## PROBLEM STATEMENT
Your response must be made up of each line in the data below that contains the string "House".

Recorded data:
****************************************

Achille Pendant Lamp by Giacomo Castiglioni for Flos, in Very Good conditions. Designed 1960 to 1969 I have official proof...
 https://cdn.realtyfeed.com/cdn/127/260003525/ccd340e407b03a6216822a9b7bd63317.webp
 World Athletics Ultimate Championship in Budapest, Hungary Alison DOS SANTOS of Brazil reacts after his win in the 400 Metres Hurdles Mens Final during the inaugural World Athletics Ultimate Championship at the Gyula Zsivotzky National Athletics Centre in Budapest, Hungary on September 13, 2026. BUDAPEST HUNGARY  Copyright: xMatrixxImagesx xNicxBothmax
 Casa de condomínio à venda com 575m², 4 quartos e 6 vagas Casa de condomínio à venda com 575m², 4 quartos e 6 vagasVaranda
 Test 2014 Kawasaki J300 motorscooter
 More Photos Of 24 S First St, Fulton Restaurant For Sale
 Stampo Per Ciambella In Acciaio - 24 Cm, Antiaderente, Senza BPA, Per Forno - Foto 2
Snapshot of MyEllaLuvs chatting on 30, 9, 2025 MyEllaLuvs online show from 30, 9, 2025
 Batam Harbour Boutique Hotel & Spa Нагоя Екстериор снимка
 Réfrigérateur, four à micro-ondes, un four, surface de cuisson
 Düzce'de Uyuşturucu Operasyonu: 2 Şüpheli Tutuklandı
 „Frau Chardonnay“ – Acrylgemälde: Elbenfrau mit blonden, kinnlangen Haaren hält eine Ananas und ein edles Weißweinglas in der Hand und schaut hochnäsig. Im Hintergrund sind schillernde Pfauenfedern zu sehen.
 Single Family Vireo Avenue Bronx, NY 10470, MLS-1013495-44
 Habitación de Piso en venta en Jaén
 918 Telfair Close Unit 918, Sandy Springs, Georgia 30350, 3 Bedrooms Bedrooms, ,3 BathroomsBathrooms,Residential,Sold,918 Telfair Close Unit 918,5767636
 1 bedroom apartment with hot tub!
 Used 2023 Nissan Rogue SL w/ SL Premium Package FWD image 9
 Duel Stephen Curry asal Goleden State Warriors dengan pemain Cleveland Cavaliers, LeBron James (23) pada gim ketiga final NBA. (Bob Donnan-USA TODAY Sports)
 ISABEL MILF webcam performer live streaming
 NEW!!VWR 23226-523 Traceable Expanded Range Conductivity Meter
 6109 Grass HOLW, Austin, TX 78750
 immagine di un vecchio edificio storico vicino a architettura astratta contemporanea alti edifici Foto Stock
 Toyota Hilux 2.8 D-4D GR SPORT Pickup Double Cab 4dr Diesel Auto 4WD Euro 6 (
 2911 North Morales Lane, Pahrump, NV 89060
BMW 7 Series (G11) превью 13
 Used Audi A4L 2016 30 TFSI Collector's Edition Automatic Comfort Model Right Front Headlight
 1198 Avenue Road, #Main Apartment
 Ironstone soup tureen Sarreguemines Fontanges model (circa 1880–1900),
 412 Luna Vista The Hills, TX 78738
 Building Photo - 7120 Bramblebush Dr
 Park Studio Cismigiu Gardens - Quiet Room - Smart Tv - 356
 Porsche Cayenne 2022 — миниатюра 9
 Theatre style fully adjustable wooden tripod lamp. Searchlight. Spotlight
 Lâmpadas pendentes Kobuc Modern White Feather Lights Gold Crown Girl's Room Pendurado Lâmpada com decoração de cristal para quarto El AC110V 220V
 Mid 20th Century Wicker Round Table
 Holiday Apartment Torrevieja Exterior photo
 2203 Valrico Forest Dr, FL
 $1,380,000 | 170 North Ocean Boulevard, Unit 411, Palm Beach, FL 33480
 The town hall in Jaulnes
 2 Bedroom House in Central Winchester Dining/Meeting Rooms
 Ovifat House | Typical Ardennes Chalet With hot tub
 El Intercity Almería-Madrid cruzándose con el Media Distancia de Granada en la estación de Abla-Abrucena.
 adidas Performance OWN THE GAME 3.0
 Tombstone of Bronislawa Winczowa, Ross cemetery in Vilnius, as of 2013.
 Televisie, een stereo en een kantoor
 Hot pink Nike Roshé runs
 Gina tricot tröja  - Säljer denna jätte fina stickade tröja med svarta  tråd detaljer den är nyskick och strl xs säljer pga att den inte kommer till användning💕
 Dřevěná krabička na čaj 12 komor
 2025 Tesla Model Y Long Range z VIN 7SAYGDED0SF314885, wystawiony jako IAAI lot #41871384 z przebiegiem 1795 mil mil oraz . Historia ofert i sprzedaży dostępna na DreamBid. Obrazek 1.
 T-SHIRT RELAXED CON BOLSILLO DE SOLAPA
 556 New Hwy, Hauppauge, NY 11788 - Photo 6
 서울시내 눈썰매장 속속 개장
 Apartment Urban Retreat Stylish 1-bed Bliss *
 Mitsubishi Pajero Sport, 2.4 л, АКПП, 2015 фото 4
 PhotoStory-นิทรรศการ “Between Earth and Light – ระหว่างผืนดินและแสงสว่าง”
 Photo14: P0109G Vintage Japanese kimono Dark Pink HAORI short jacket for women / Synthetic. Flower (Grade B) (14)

****************************************

## EXERCISE ANSWER
 2 Bedroom House in Central Winchester Dining/Meeting Rooms
 Ovifat House | Typical Ardennes Chalet With hot tub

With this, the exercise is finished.